A Canaanite woman from that vicinity came to him, crying out, “Lord, Son of David, have mercy on me! My daughter is suffering terribly from demon-possession.”

Jesus did not answer a word. So his disciples came to him and urged him, “Send her away, for she keeps crying out after us.”

He answered, “I was sent only to the lost sheep of Israel.”

The woman came and knelt before him. “Lord, help me!” she said.

He replied, “It is not right to take the children’s bread and toss it to their dogs.”

“Yes, Lord,” she said. “But even the dogs eat the crumbs that fall from their masters’ table.”

Then Jesus answered, “Woman, you have great faith! Your request is granted.” And her daughter was healed from that very hour. (Matthew 15:21-28)

This is one of those stories that makes us…uncomfortable. We’re not certain how to apply it. Our first instinct is usually to say that it doesn’t apply to our lives, that those were special people in special times and all that chum. But Elijah was a man just like us (James 5:17). What if this story does have something for us in the here and now?

This Phoenician woman is gutsy from the start. She’s a Gentile, beyond the scope of Jesus’ mission to the Jews, for one thing. She’s also interrupting his search for solitude (Mark 7:24). Yet she tracks him down and begs for her daughter’s deliverance.

On the first try, Jesus says nothing.

This we can identify with. Many prayers are met with silence. We have a choice here – give up or keep praying. But praying forces us to face our worry that persistence might be pushy.

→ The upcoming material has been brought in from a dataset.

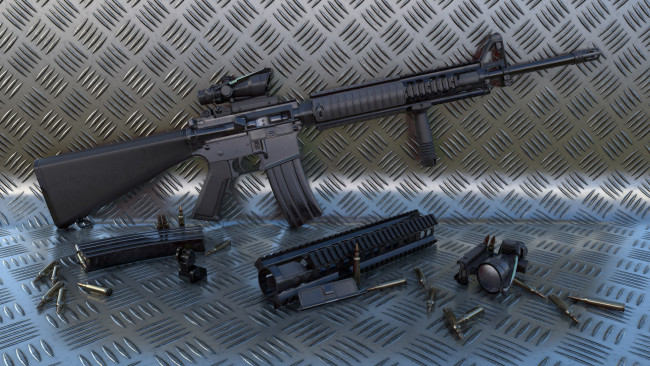 Обои картинки фото оружие, автоматы, автоматическая, винтовка, m16a4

This woman evidently isn’t struggling with that. Or she struggles through it. She lets loose a second cry and gets Jesus’ disciples intervening for her. This is often our next step when our prayers seem to fail: we look for someone to intercede. “She’s a prayer warrior. Maybe God will listen to her.”

But Jesus now gives a clear negative to his disciples: “I was sent only to the lost sheep of Israel.”

Her courage must be growing rather than shrinking, though, because now she actually throws herself at Jesus’ feet (and being a Phoenician, she probably hasn’t made a habit of Israel’s cleanliness laws). She asks a third time.

But alas, God in the flesh again says no – not silence, not to his disciples, but straight to her face. Three prayers, three denials. He even explains why – a theological “it’s not right” that would shame the rest of us from arguing further. She has now heard him unmistakably. As far as she (or we) can tell at this point, God’s will is to not deliver her daughter.

But the woman does something utterly amazing. She asks a fourth time. “Yes, Lord,” she said. “But even the dogs eat the crumbs that fall from their masters’ table.”

!!!!!!!!!!!!!!!!!!!!!!

All right, what do we do with this? Have you ever read it this way? Let’s be honest here: if a friend told us that she’d been praying and had heard no three times, we would probably not encourage her to keep praying. We’d instead say something like “God has made his will clear. It’s not your place to second-guess him. Now is the time for you to go your way and trust in his plan.” That’s usually how we handle it.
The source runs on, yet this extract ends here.